Why don't they incorporate a sort of injection into the already successfully but deadly unfit x86-64 ISA to support 128-bit GPRs in native code whilst keeping the UNNECESSARY 128-bit addressing out of line. Of course I may be speaking out of line in the next several centuries, that is if logical computing through binary architecture still is preferred, but now seems a bit excessive. Even though it's nice you already have extensions of DWORD registers to reach QWORD usability through common means of eliminating the usage of a few instructions such as INC and DEC to accommodate the signaling needed to read such widthed registers, let's say make a quick and rational action by taking some reserved bit fields during the time protected mode of 64-bit/Long mode takes precedence and reinvent the entire architecture to keep the data width of 128-bit memory registers and memory addressing whilst keeping pointer sizes consistence with 64. And maybe even this new mode could even incorporate real mode ALONG with compatibility mode and the mandatory 64 bit mode that would be cleverly named along the lines of "64 bit compatibility mode"; this would definitely build the most versatile operating system and perhaps open the gap to emulating such systems such as the ps2 with absolutely no drag in performance compared to using a 32-bit system.

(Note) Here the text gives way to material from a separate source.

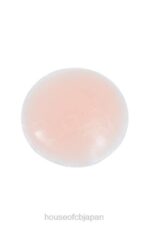 衣類 House of CB シリコン製再利用可能な乳首カバー - ベージュ 0N8J1307 - Image 3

It's ironic because the large multimedia XMM registers that also happen to be 128-bit would closely lie together in terms of a 128-bit solution despite the fact XMM registers are purposed for SIMD rather than general purpose processing.

thomasxstewart said:

Thats Unlikely, first iA64 is "true" 40 Bit String with 8 extra bits in transmission stage. so only 48 bits. Maybe "true" 64 bit with say 72 0r 80 spaces, to make it dijestable. Shurly NOT 128 Bit String Length, although there probably are such examples, in Hardware world, that would be such change, it'd be Revolutionary & 4x Paradigm, too many At Once.

drashek

tengeta tengeta said:

64 bit never honestly caught on, screw it lets move on.

Guest said:

the memory address space is actually only 40bits.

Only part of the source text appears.